The WMO facilitates and promotes worldwide cooperation in exchange of rapid information and data. The Headquarters of WMO is found in Geneva, Switzerland.

There are 191 member states in the WMO which has divided the whole Blue Planet or Blue Marble into 6 regions or zones. There are 57 member states, in all, in zone 1: Mauritius (Agalega, Chagos, Rodrigues, St. Brandon and Tromelin), Comoros Island, Madagascar, Reunion, Seychelles and all the 52 countries of Africa.


Mauritius became a member of the World Meteorological Organisation on 17 July 1969. It was just one year after acceding to Independence-12 March 1968. The Mauritius Meteorological Services (MMS) of Vacoas is the governmental institution that has the responsibility to represent Mauritius at the WMO. It has therefore the obligation to carry out the mission of the WMO.


The Mauritius Meteorological Services (MMS) has, thus, the duty to make observations on and to make forecasts regarding depressions, cyclones, droughts, heat waves, forest fires, floods, rainfalls, colds, fog, temperature, humidity, wind directions and intensity, ocean waves, tides, Tsunamis, hailstones, acid rain, volcanic ash, meteorites, etc. After collecting all data and information, the MMS of Vacoas has the obligation to inform everyone, namely the authorities, the public, educational institutions, fishermen, agricultural community, entrepreneurs, tourist industries, airport and shipping departments, etc. All information and warnings should be transmitted through the radios, television, emails, mobile phones, etc. The communication should be done on real time basis; in case of Tsunami within 15 minutes of the occurrence of the disaster.
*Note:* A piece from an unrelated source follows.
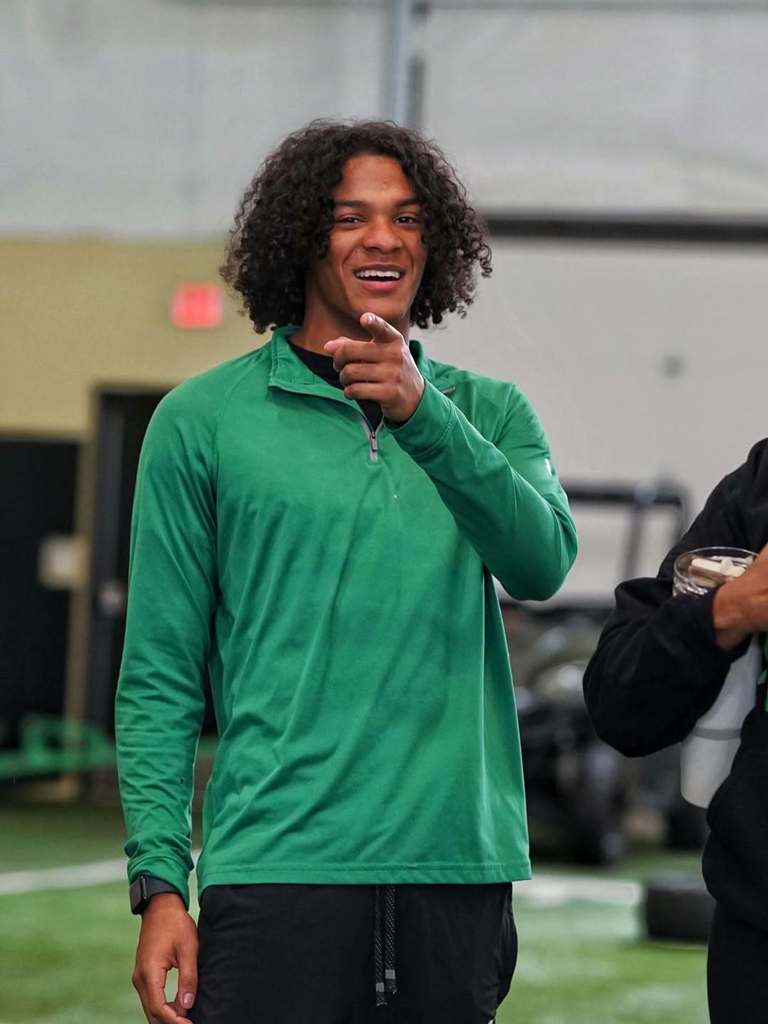 A smiling Joe T. Robinson football player pointing at the camera.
In other words, the MMS has the duty to monitor and forecast all hazards that may originate from the atmosphere, the ocean and the ground and apply them in light of the Early Warning Systems. The Early Warning Systems (EWS) are considered by WMO as ‘critical life-saving tools’.


The EWS are defined by WMO to include four components:

  1. detection, monitoring and forecasting the hazards;
  2. analysis of risks involved;
  3. dissemination of timely and authoritative warnings and
  4. activation of emergency preparedness and response plans.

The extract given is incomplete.